Learning about failure at AWS re:Invent

Daniel Smythe 1st December 2017
AWS re:invent failure

So this week I have had the pleasure of attending AWS re:Invent in the crazy Las Vegas. As it’s been my first time at re:Invent, and Vegas for that matter, there’s been a lot to take in. However one common theme I noticed from attending the various talks is how openly and frequently failure is discussed.

Failure is good – fail fast, fail often!

Now I know what you may be thinking…

“How can one of the biggest tech events of the year be about failure?”

“Is he still drunk when writing this?”

Let me explain; as I have previously stated in articles about agility and technology, innovation is all about failure and learning from failure. This is what all successful businesses have done and what I truly believe re:Invent this year is all about. I’ll try illustrate my point through a few examples below.

 

Example 1: Snapchat and its user stories

 

Snapchat did a session which illustrated how they moved to DynamoDB for their inbox stories. Snapchat had initially moved to Dynamo for 3 reasons; cost, performance and improved latency. The failure came after their test when they achieved NONE of these improvements, but they didn’t find this to be a problem and this actually helped them in the end.

They investigated and realised they needed to refactor their application to achieve their benefits, and when they did this they achieved large cost savings – happy days! But the key thing this failure gave them is through the power of Dynamo they got access to more data, investigated their application even further, and found unique random inefficient legacy behaviour of their code specifically regarding their retirement and deletion of stories which has been refactored since.

Innovation came off the back of this failure, as Snapchat was able to move away from their old database engine and use Dynamo to scale to meet their peak traffic over the New Year’s Eve period, where people tend to go crazy snapping their friends and family.

It’s amazing what failure can achieve.

Watch this talk in full here.

 

Example 2: AWS ASAP Governance framework

 

Amazon led a breakout session on how Amazon.com itself uses AWS Management Tools. This looked at how Amazon.com went from one shared account to 10,000 AWS accounts, which in itself was a story of repeated failure and learning/evolving with that failure.
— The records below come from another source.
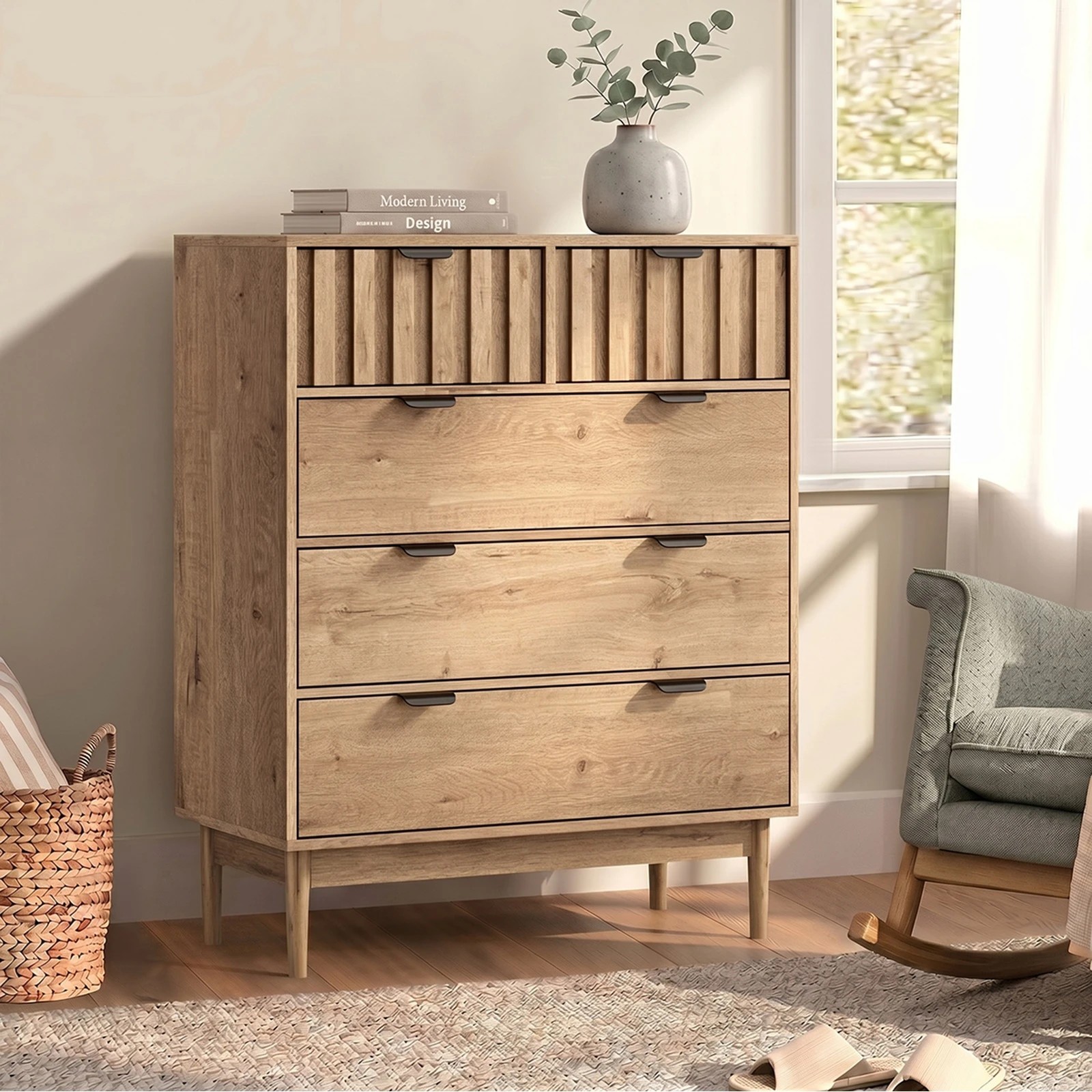 4 Oikiture 5 Chest of Drawers Dresser Tallboy Modern Nightstand Stripe - Natural, 4 of 8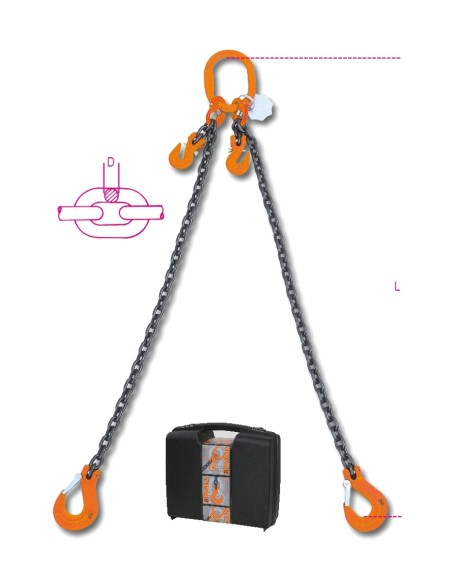 Pendente per sollevamento con ganci accorciatori catena a 2 bracci, grado 8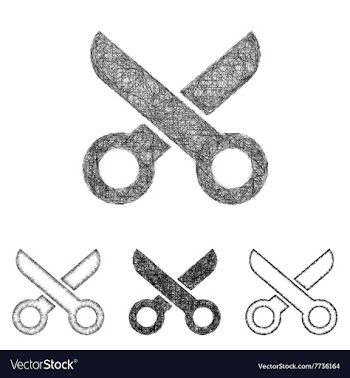 Scissor icon set - sketch line art vector image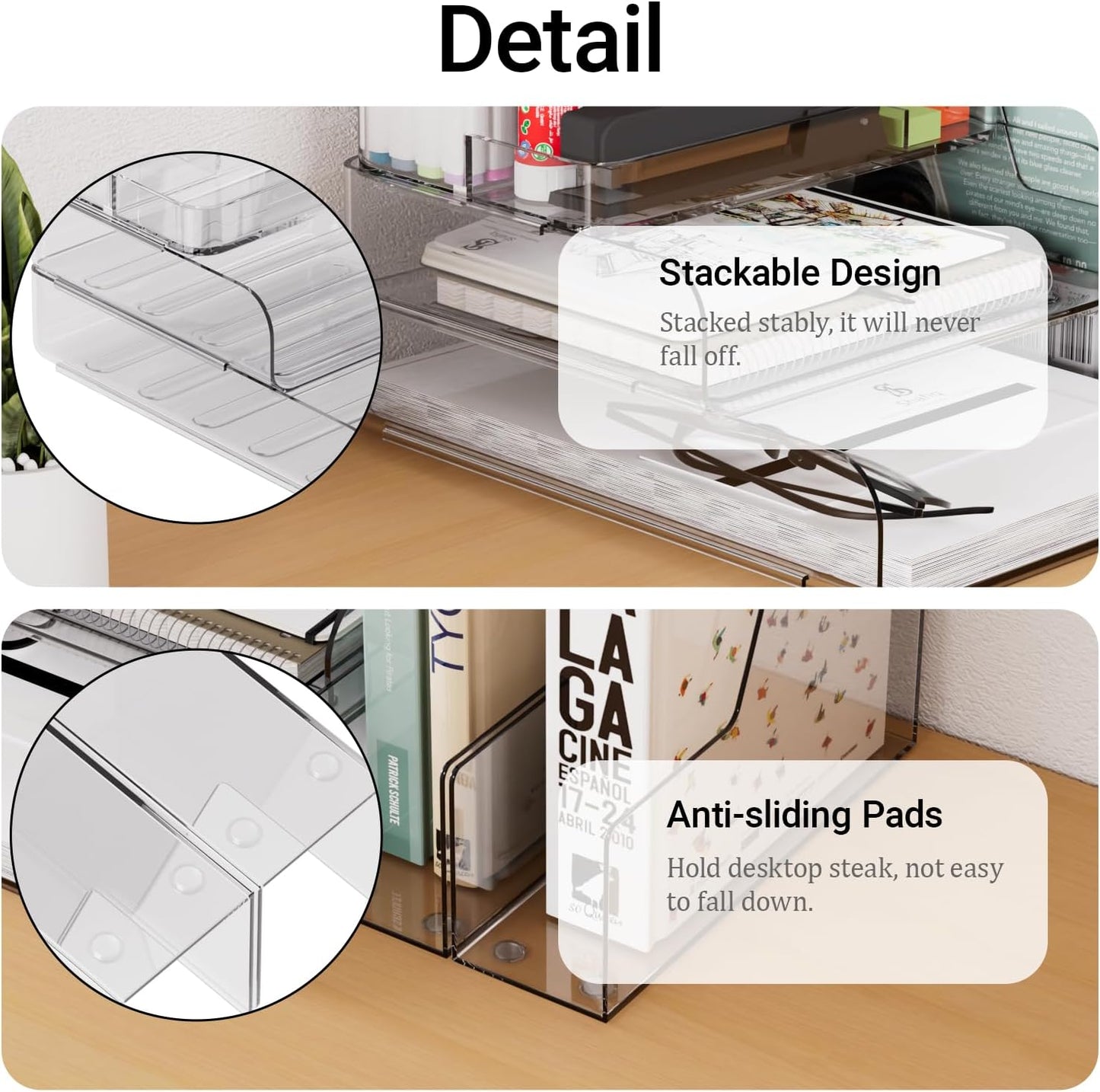 Clear Desk Organizer Set – 6-Piece Desktop Organizer with File Tray, Small Tray, Desk Organizer, Pencil Holder & 2 Magazine Holders – Plastic Office Supply Organizer for Home, School & Office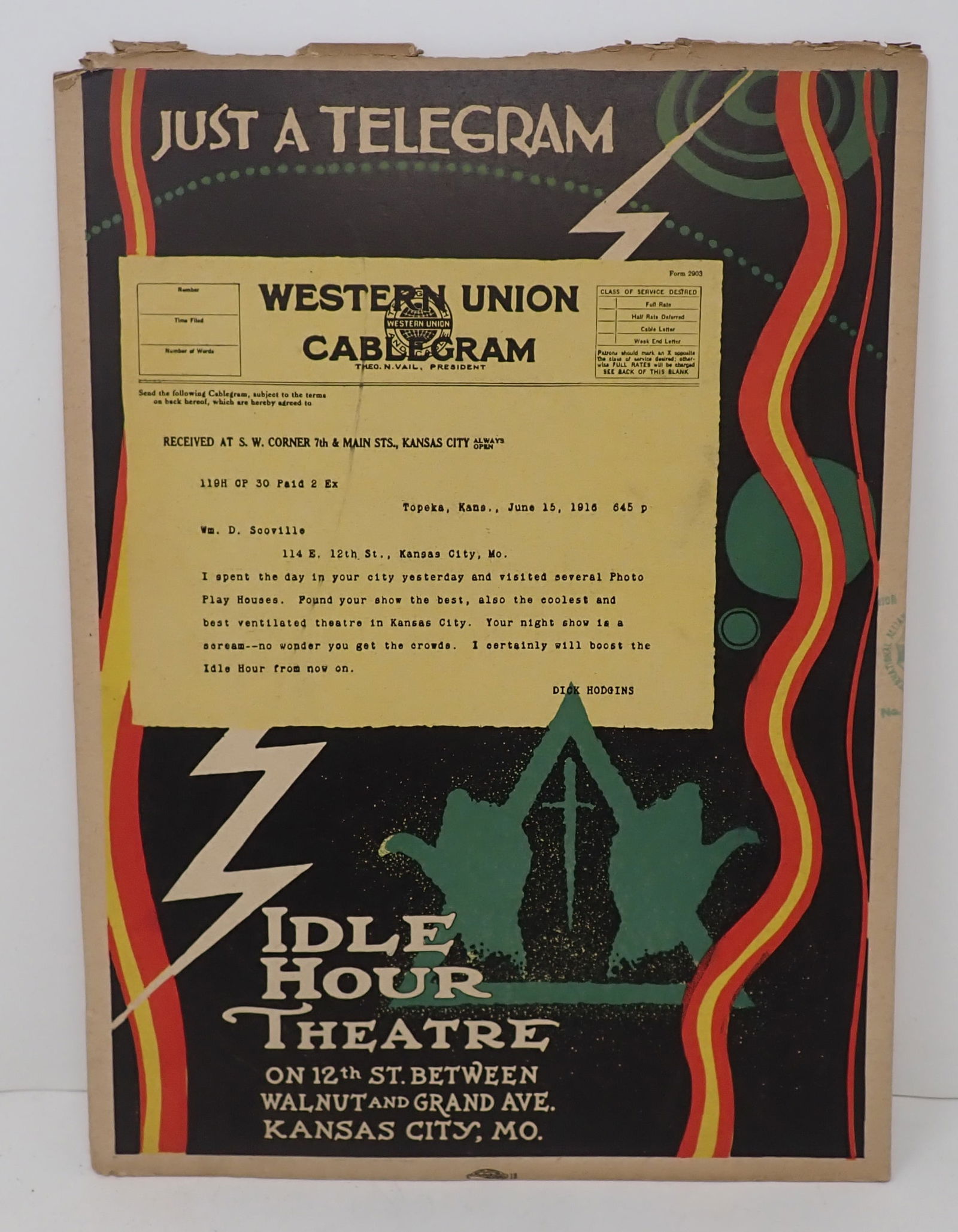 Western Union Cablegram Idle Hour Theatre Poster (1 of 4)
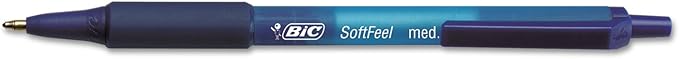 BIC Soft Feel Blue Retractable Ballpoint Pens, Medium Point (1.0mm), 36-Count Pack, Blue Pens With Soft-Touch Comfort Grip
This process for Amazon.com spawned the creation of the ASAP (their in-house) Governance application which helped them solve some of the challenges of managing 10,000 accounts across their business. I will definitely refer to this talk in the future, as their “guardrail over gate approach” was a breath of fresh air. If enterprises truly want to innovate they need to support their teams and allow them to make failures – putting up guardrails to help them from making mistakes instead of gates to stop them which ultimately will slow down innovation. Ultimately if Amazon.com can do it at this scale, why can’t other big enterprises?

 

Example 3: AWS Prime Day

 

There was a statement in the session ‘How DynamoDB powered Amazon Prime Day 2017’ which really resonated with me and encapsulates the theme of this blog. The statement was,

“fixing to one compute resource is designing for failure”

The speaker gave few examples but basically the tl:dr on this is no matter how big they built their relational database and server, Amazon.com would break it – it’s just not possible to scale to meet demand when you have 600 million different items for sale with 7000 attributes each and 12.9 billion rps to database on one day. You have to design in scalability and fail to be successful.

Watch this talk in full here.

 

These are only 3 quick examples, but they highlight how big tech companies such as Amazon.com and Snapchat have learnt from failure and are in fact encouraging other companies to go through this process.

Fail often, learn from it, innovate, and go make it happen.

Have a great day people and fail well.

Thanks

Daniel